Axi-Cel Improves OS in Patients with Refractory B-Cell Lymphoma

Article

The CAR T-cell therapy axicabtagene ciloleucel induced a median overall survival of 25.8 months for patients with refractory large B-cell lymphoma.

Axicabtagene ciloleucel (axi-cel; Yescarta) demonstrated improved overall survival (OS) for patients with refractory large B-cell lymphoma, according to a 3-year analysis of the pivotal phase II ZUMA-1 trial presented at the 2019 ASH Annual Meeting.

"These data are highly encouraging,” Sattva S. Neelapu, MD, Department of Lymphoma and Myeloma, The University of Texas MD Anderson Cancer Center, said during a presentation of the findings. 

The chimeric antigen receptor (CAR) T-cell therapy induced a median overall survival (OS) of 25.8 months. At a median follow-up of 39.1 months, the 3-year OS rate was 47% with axi-cel, with approximately 60% of patients having relapsed or progressed. At a previous 2-year analysis of the study, the objective response rate was 83% and the complete remission rate was 58%. The 2-year OS rate was 51% and the 2-year progression-free survival rate was 39%.

In October 2017, the FDA approved axi-cel as a treatment for adults with relapsed or refractory non-Hodgkin lymphoma, based on findings from the ZUMA-1 trial. The study evaluated 108 patients, consisting of 101 from the phase II portion of the trial and 7 from the phase I group. In phase II, patients were enrolled into 2 cohorts consisting of those with diffuse large B-cell lymphoma (DLBCL; n = 77) and those with primary mediastinal large B-cell lymphoma (PMBCL), high grade B-cell lymphoma, and DLBCL transformed from follicular lymphoma (n = 24).

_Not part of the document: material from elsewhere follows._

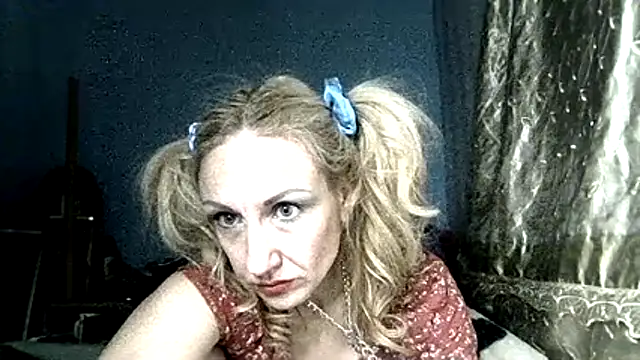 LilaniLoverx online show from December 2025 10:36:02 PM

Prior to infusion of axi-cel, a conditioning regimen of fludarabine (30 mg/m2) and cyclophosphamide (500 mg/m2) was administered for 3 days. Axi-cel was administered as a single infusion of modified autologous T cells at a target dose of 2 x 106 CAR-positive T cells/kg. The treatment was manufactured successfully for 99% of patients, and 91% of patients received treatment with the CAR T-cell therapy.

As data for axi-cel continue to mature, focus is being placed on the mechanisms behind treatment failure, particularly related to the loss of CD19 and the expression of additional antigens. Pretreatment IHC results were available for 82 patients in cohort 1 and 2. Additionally, post relapse IHC findings were available for 18 patients who responded to axi-cel. At baseline, 90% of samples were CD19-positive and 96% were CD20-positive.

In an assessment of the 18 post-treatment tumor tissue samples, CD19 loss occurred in 25% of relapses by IHC testing (4 of 16 available). Across these tissue samples, CD20 expression was preserved, with immunofluorescence and confocal microscopy showing maintenance of CD20 expression on the cell membrane at progression.

"Loss of CD19 expression by IHC was common at relapse post-axi-cel," said Neelapu. "CD20 expression by IHC, corroborated by confocal microscopy showing membrane localization, was robust in most biopsy samples despite prior rituximab-based treatment."

Looking deeper at CD19, however, IHC may not provide a complete picture, he noted. A number of alternative splicing events were found on the CD19 gene, which could impact the CAR binding epitope, Neelapu said. In these scenarios, IHC still tested positive for the CD19 protein but the therapeutic effective may have been loss. When looking at the samples from ZUMA-1, there was a significant difference in splicing events between baseline and relapse (P <.05).

"Antigen escape post–axi-cel may be mediated by selection of tumor cells with lower CD19 expression, or of tumor cells expressing alternative CD19 splicing variants," said Neelapu. "Altogether, these data suggest that efficacy of anti-CD19 CAR T-cell products may be improved by co-targeting or sequential targeting of alternate B cell antigens."

Additional studies continue to assess axi-cel alone or in combination with other agents, in an attempt to improve upon the outcomes data. The ZUMA-11 trial is currently enrolling participants to explore axi-cel with utomilumab, a 4-1BB inhibitor (NCT03704298). Additionally, the ZUMA-14 study is looking at axi-cel plus rituximab or lenalidomide (NCT04002401).

Reference:

Neelapu SS, Rossi JM, Jacobson CA, et al. CD19-loss with preservation of other B cell lineage features in patients with large B cell lymphoma who relapsed post–axi-cel. Presented at: 2019 ASH Annual Meeting; December 7-10, 2019; Orlando, FL. Abstract 203. bit.ly/2OXlwGr.